Later in the day, I checked the newspapers and the each of these stories tallied substantially with the news reports. After the 3 November murder, the Gujjar victim’s family went and blocked a nearby state highway. When district officials went to meet them, they demanded that the sarpanch and others involved in the murder be arrested and his home demolished.
They had upended the frequently recurring motif of the bulldozer in the BJP campaign. An act that had stood out as one of vindictiveness by the BJP administration against the Muslim minority had come to be perceived as due process. Astoundingly, the district officials complied, and the sarpanch’s house was demolished.
“Now, the Gujjars,” Kushwaha concluded with some glee, “are angry with a Tomar minister because he is a Tomar, and the Tomars are angry with him because he has let a Tomar house be demolished.”
As a result, the situation Tomar finds himself in adds to the BJP’s worries in the Chambal region. In the 2018 assembly election, before Scindia defected, the Congress had won 26 of the 34 seats in the region. At the time, Tomar was the uncontested leader of the party in the region.
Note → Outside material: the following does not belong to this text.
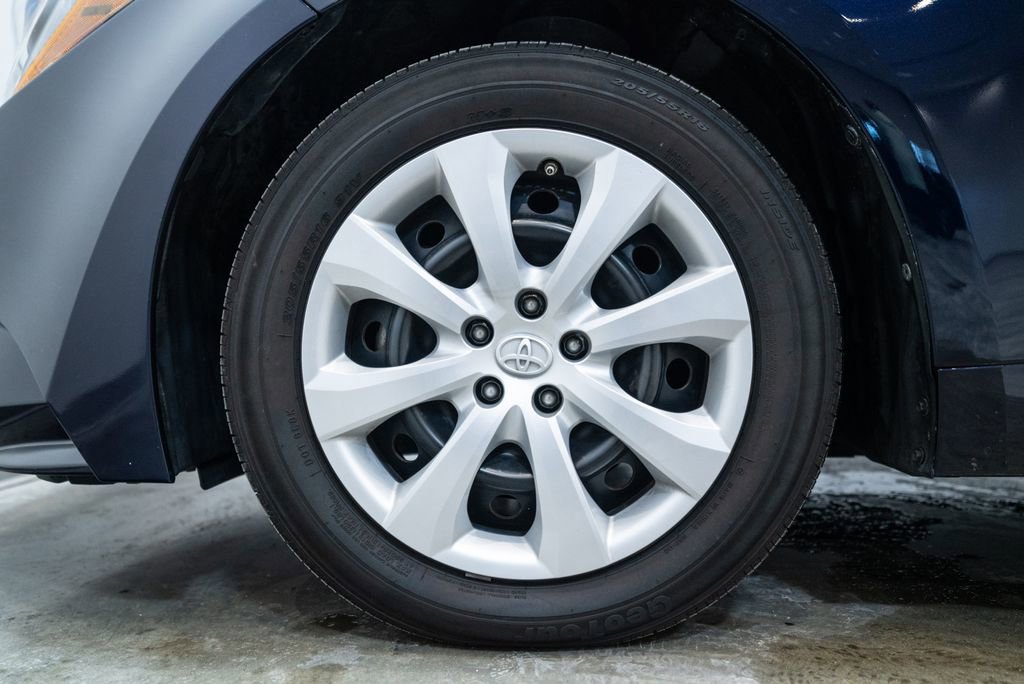 Certified 2020 Toyota Corolla LE image 11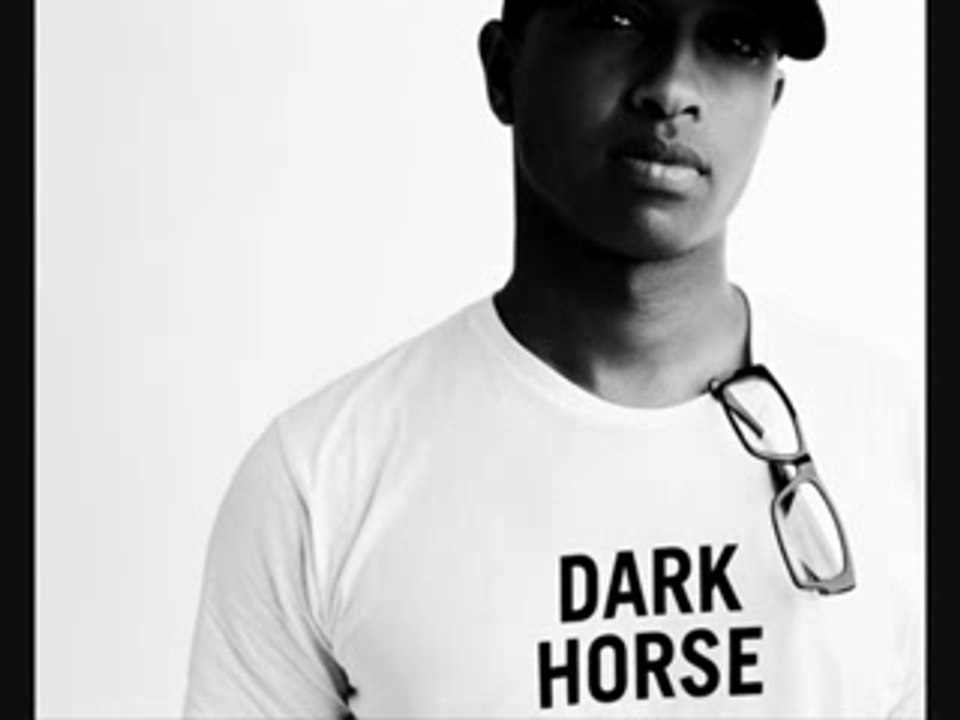 Kenna red sun sky blue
With Scindia’s entry, this was no longer the case. If Tomar loses the elections, he would cede control over the region to Scindia, who has not been asked by the party to contest.
The constituency is afloat with rumours that maharaj—high king, as Scindia is referred to here—would not be too unhappy over Tomar’s defeat. “However,” Kushwaha told me, dispelling the impact Scindia could have, “in this region we do not like turncoats, so maharaj’s appeal is not what it was.”
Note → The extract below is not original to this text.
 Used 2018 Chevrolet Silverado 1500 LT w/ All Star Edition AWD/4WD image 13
A few hours after I spoke to Kushwaha, Prime Minister Narendra Modi addressed a large gathering in the town of Morena with Tomar in attendance. Through his half-hour long speech, he did not refer to Tomar once. I was told by local journalists that we should not read anything other than Modi’s megalomania into this fact. He has also given speeches in the state where he has not referred to Shivraj Singh Chouhan, a four-term chief minister, even once. The BJP is going into this campaign with the slogan: “Modi Ke Mann Mein Base MP, MP Ke Mann Mein Modi”—MP resides in Modi’s mind, in MP’s mind is Modi.
Left out of Modi’s mann, Tomar has been forced to campaign door-to-door in a manner rarely expected of a leader of his seniority. A few days before my visit, he was in Kaji Basai constituency, actually asking its Muslim inhabitants for votes. This is, to say the very least, surprising for the BJP, which almost always bypasses the Muslim voters.
At a local grocery shop, Mumen Mohammed, who retired from the central reserve police force as a havildar, told me, “I have never seen Tomar come here, over the last five years. This is the first time most of us are seeing his face.” Mohammed was joined by others from the village. One of them said, “They speak of kaam”—work—“but there is one word they do not use, prem”—love. He added, “We all know why that is the case.”
Mohammed leaned forwards in his chair. “The best he could do was ask us, ‘Agar mainen kabhi Musalmaanon ka nuksaan kiya hai to batao’”—Tell me, have I ever done any harm to the Muslims?